Description
This concise handbook of Tibetan Buddhist teachings, designed for Western students, is centered on a sitting practice called Contemplative Meditation. This practice can be used as a way to change troublesome habits, even by someone with little knowledge of Buddhism. Although the teachings are based it on a nineteenth-century text by Lama Mipham, they are presented in a non-scholarly way, with examples drawn from modern life and everyday experience. In particular, the author addresses the unique attitudes and questions of twenty-first-century Westerners who are exploring Buddhism.
The practice taught in the book consists of a reflection on four subjects, known as the Four Seals of the Buddha's teaching: multiplicity, impermanence, suffering, and emptiness. Khenpo Gawang Rinpoche explains how to investigate each of these topics in a way that helps you recognize your innate wisdom mind, which is your ultimate teacher.
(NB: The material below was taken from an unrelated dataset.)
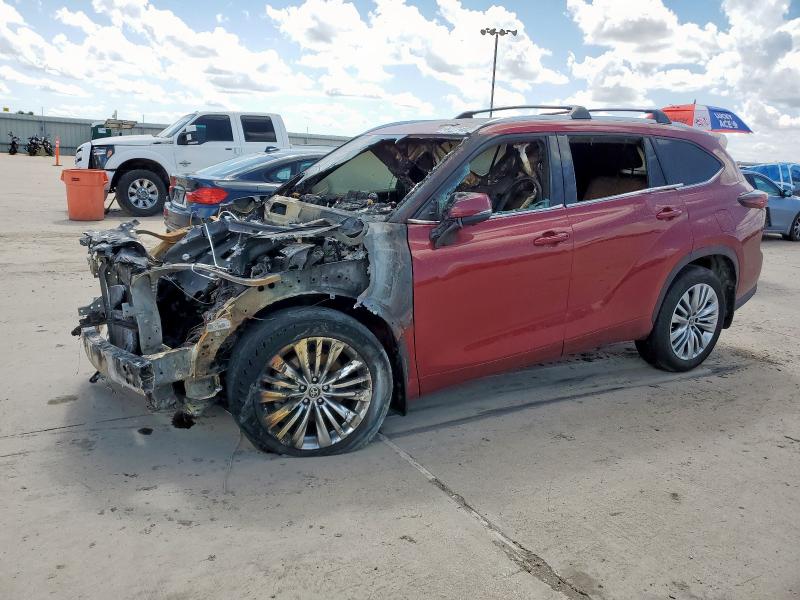 TOYOTA HIGHLANDER 2025 with VIN 5TDKDRBH0SS580693 - Photo from auction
Once you learn how to examine your own mind and your life with this method, you will start to look at everything differently. By helping to dissolve negative thoughts and habits, the practice can increase your focus, confidence, self-esteem, and happiness.
Along with exercises and questions, short readings, a glossary, and checklists for study, this book provides a complete handbook, with simple instructions for additional practices:
• the Ninefold Exhalation, a breathing method for expelling stale air before meditation
• visualization of buddhas and great teachers to inspire practice
• the practice of bodhichitta, or generating love and compassion for all beings
• the seven-branch offering, seven devotional thoughts to strengthen efforts
• dedication of merit—the positive energy from the meditation--for the benefit of all beings
Finally, the appendix gives translations of two short readings: The Wheel of Analytical Meditation by Lama Mipham, which is the source of this book's teaching, and the Heart Sutra, a famous brief teaching on emptiness, along with a traditional commentary.
About the Author
Jamgön Mipham (1846–1912) is one of the most extraordinary figures in the history of Tibetan Buddhism of the modern age. An important member of the nonsectarian movement of nineteenth-century Tibet, he was a scholar of outstanding brilliance whose writings are eagerly sought after by present-day teachers and students of the practice of Dzogchen and the Nyingma tradition.